L’année 2016 entend marquer un tournant dans cette tendance, avec sur le court terme le lancement d’un nouveau plan quinquennal de développement dont l’enjeu principal est d’attirer à nouveaux les investisseurs. En parallèle, le Ministère du Transport de Tunisie entend aussi renouveler sa politique stratégique sur le long terme à travers l’élaboration du Plan Directeur National des Transports à l’horizon 2040.
La construction d’une nouvelle stratégie à long terme pour les transports est lancée
Le 9 novembre 2016 était organisé par le Ministère du Transport de Tunisie un atelier de démarrage à l’occasion du lancement de la mission d’élaboration du nouveau Plan Directeur National des Transports prévu sur l’horizon 2040. Cette mission, engagée un mois et demi plus tôt, sera effectuée par le groupement de bureaux d’étude Egis International – IDEA Consult. Censée durer dix-huit mois, elle s’achèvera au premier semestre de 2018 avec la livraison du Plan Directeur au ministère. Ce plan devra permettre aux autorités tunisiennes de disposer d’un schéma d’investissement et d’entretien des transports à l’échelle du pays, ainsi que de mesures institutionnelles et réglementaires. Un tel plan se veut être un document de vision pour l’ensemble des partenaires techniques et financiers qui disposeront ainsi d’un panel d’actions stratégiques à suivre.

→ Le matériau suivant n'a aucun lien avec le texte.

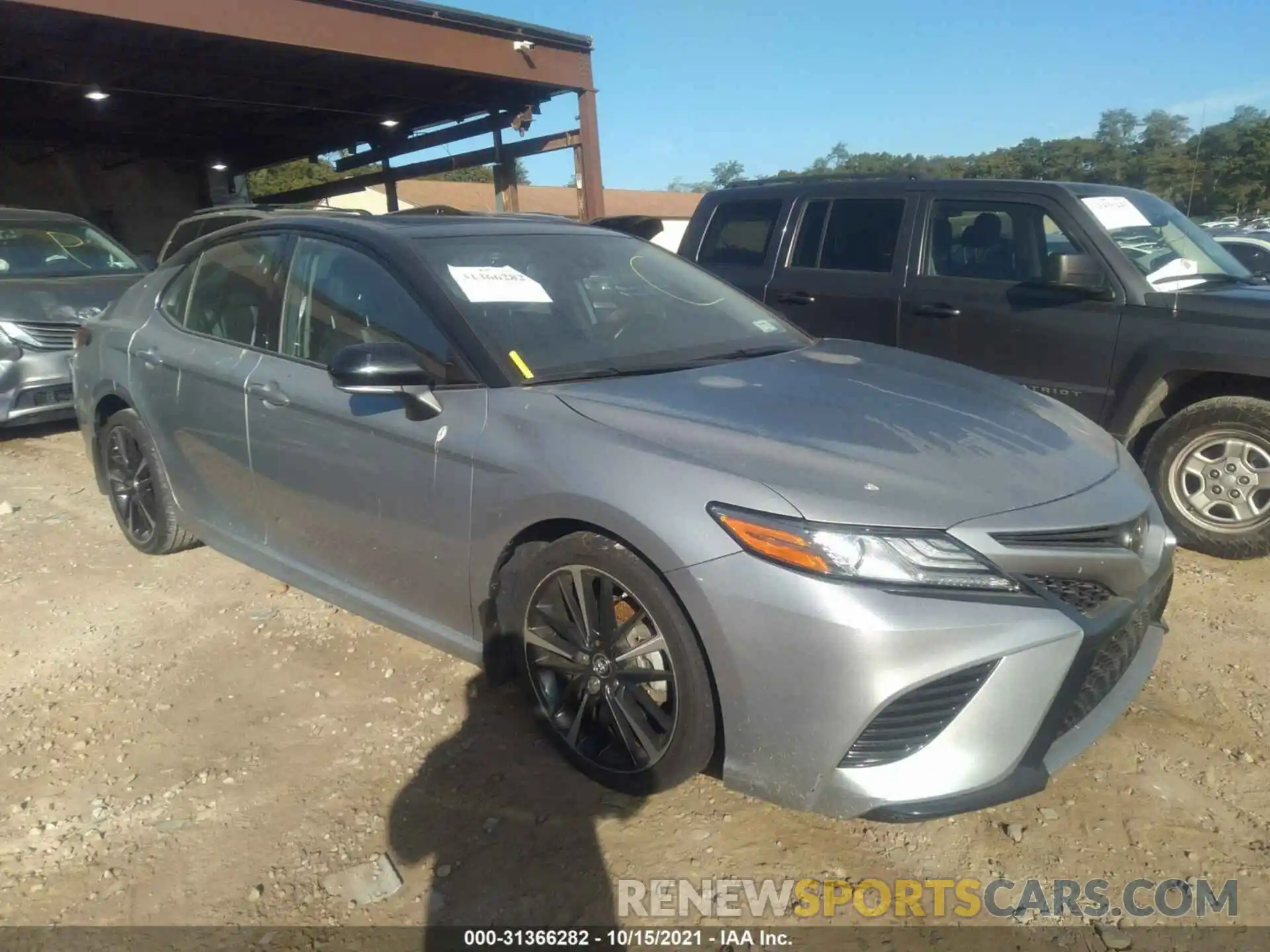 1 Photograph of a damaged car 4T1B61HK4KU168041 TOYOTA CAMRY 2019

En développant une toute nouvelle stratégie, le ministère a exprimé une forte volonté de rompre avec le modèle de gouvernance actuelle. En effet le modèle tunisien, reposant principalement sur des entreprises de transport publiques qui ne sont aujourd’hui plus financièrement viables, a dévoilé ses limites. D’une part, fonctionnant sur le principe de l’utilisateur-payeur, les tarifs pratiqués par des sociétés de transport telles que Transtu à Tunis ou la SORETRAS à Sfax (Société des Transports de Sfax) sont fixés et suivies par le gouvernement. Au lieu d’opérer une hausse progressive des tarifs en suivant l’inflation, une seule modeste augmentation a été exécutée en plus de dix ans. De cette manière, les charges ne sont absolument pas couvertes et le principe de l’utilisateur-payeur ne fonctionne plus. C’est ainsi que Transtu accusait fin 2015 un déficit cumulé de 700 millions de dinars. D’autre part, la situation budgétaire a fortement ralentit l’octroi des subventions publiques qui permettent de couvrir le manque à gagner du aux réductions et gratuités (étudiants, chômeurs, handicapés…). Ces retards ont accentué la fragilité des entreprises.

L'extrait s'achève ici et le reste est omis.